**Recorded information:**
╭──

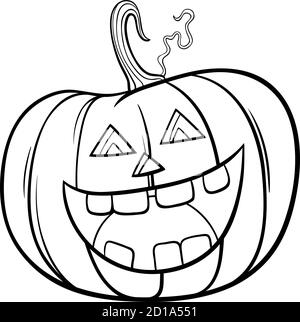Black and White Cartoon Illustration of Halloween Jack-O'-Lantern Pumpkin Character Coloring Book Page Stock Vector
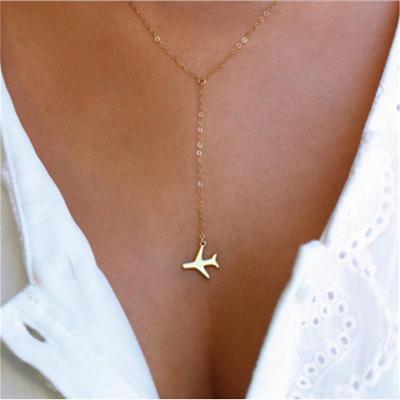 Simple Joias Plane Airplane Necklaces & Pendants For Women Femme Aircraft Chain Layered Choker Bohemian Jewelry A037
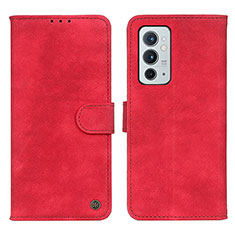 Leather Case Stands Flip Cover Holder N03P for OnePlus 9RT 5G Red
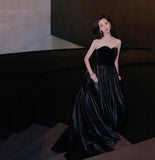 Black velvet satin long prom dress A line evening gown HZ1023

╰──

**Brief:** Word-for-word restatement: every line from the one with "Leather Case Stands" through the final line of the data, both ends included, pictures excluded.

**Your response:**
 Leather Case Stands Flip Cover Holder N03P for OnePlus 9RT 5G Red
 Black velvet satin long prom dress A line evening gown HZ1023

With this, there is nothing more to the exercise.